En consecuencia, a lo que estamos asistiendo es a los prolegómenos de un nuevo choque frontal. De momento, mientras Hizbulah se limita a lanzar un bajo número de artefactos (incapaces de saturar las defensas israelíes), las FDI se están dedicando a reducir la capacidad de combate de Hizbulah, asesinando a todos los mandos y combatientes que pueda (incluso con ciberasesinatos como los de la pasada semana) y eliminando todos los lanzadores que haya localizado. Busca así “ablandar” el terreno con unos ataques que supone que le sirven doblemente. Por un lado, puede calcular que el castigo –mediante asesinatos selectivos, ataques aéreos y fuego artillero– llegue a ser tan insoportable para Hizbulah que, finalmente desista en su resistencia armada y acepte retirarse definitivamente al norte del Litani (lo que supondría cumplir parte de lo que establecía en 2006 la resolución 1701 del Consejo de Seguridad de la ONU). En palabras de Israel sería “escalar para desescalar”. Pero, si Hizbulah no pone la rodilla en tierra (y nada indica que vaya a hacerlo), lo que están haciendo las FDI serviría como preparativo para una acción terrestre con unidades en línea profundizando en territorio libanés, al menos hasta el citado río.

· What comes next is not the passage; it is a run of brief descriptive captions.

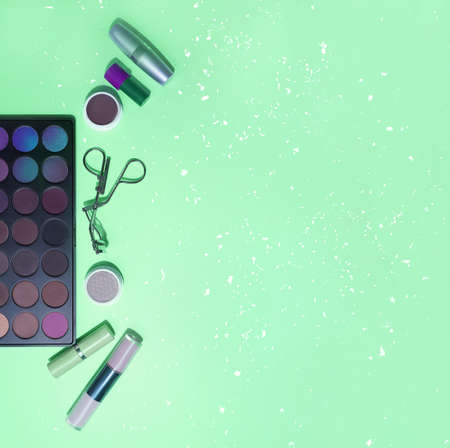 Decorative cosmetics, top view. Make-up with professional cosmetics, on a green background.の写真素材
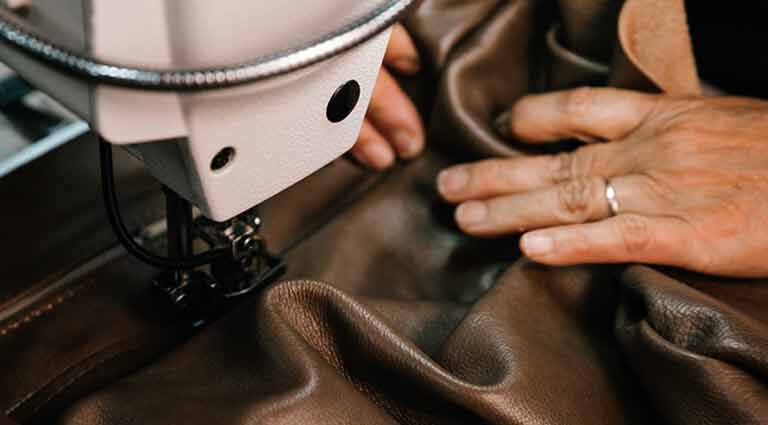 Craftsmaftsman sewing leather
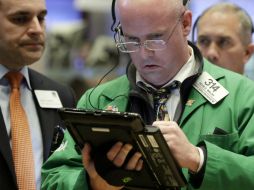 Al final las caídas no fueron tan fuertes porque los inversores remontaron gran parte de las pérdidas y el Nasdaq se cotizó positivo. AP / R. Drew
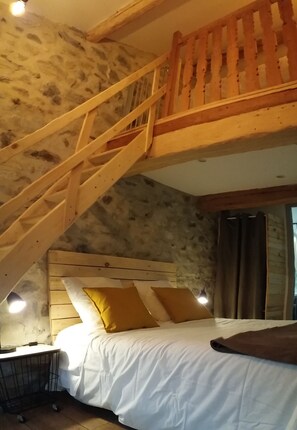 Ein Schlafzimmer mit einer Holztreppe, einem Bett mit weißer Bettwäsche und gelben Kissen sowie einem Nachttisch mit einer Lampe.
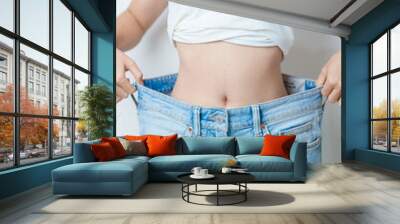 young slim female wearing big or oversize jeans, woman show healthy shape after weight loss. dieting, exercise, body fit and liposuction surgery concept Wall mural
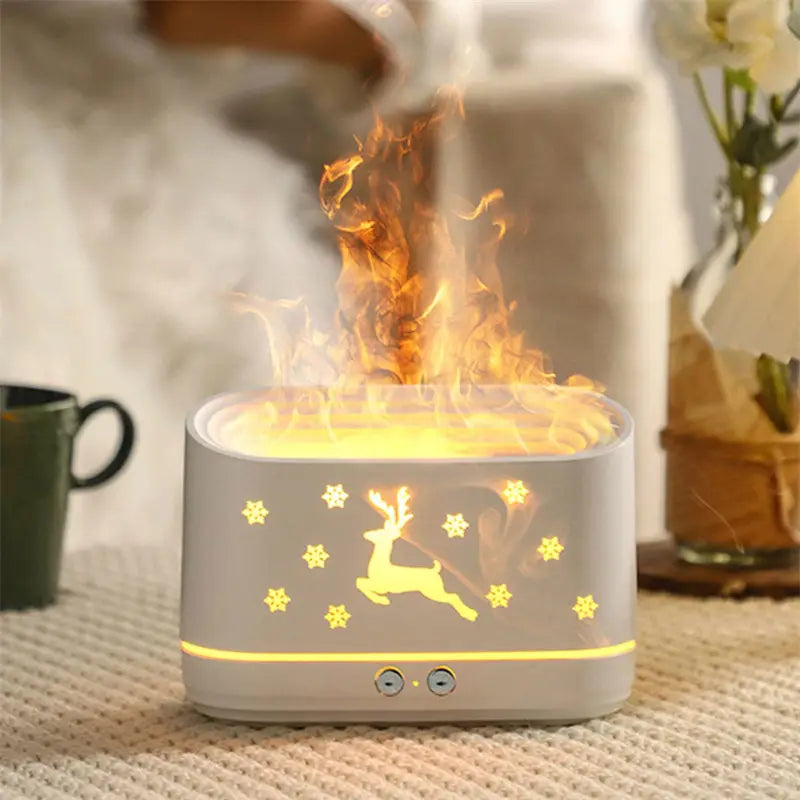 A white ceramic rectangular elk flame humidifier and oil diffuser with a glowing reindeer and snowflake design emitting warm light from its base.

Para llevar a cabo una operación de esa escala el gobierno de Netanyahu necesita contar con muchos más medios de los que actualmente ha desplegado ya cerca de la frontera. Los aproximadamente 15.000 efectivos en presencia tan sólo pueden servir para evitar posibles incursiones de la milicia libanesa en suelo israelí; pero están muy lejos de los necesarios para contar con ciertas probabilidades de “éxito” en una ofensiva general –habitualmente se calcula que la relación de fuerzas debe ser, como mínimo, de tres a uno a favor del atacante–.
En definitiva, todo parece dirigirse hacia la prolongación y agravamiento del conflicto, sin que ni Estados Unidos, ni mucho menos la ONU, sean capaces de evitarlo, anclados en su monótono lamento y en la petición de contención (más bien dirigida a Hizbulah y a Irán que a un Israel que sigue sintiendo que el semáforo está en verde).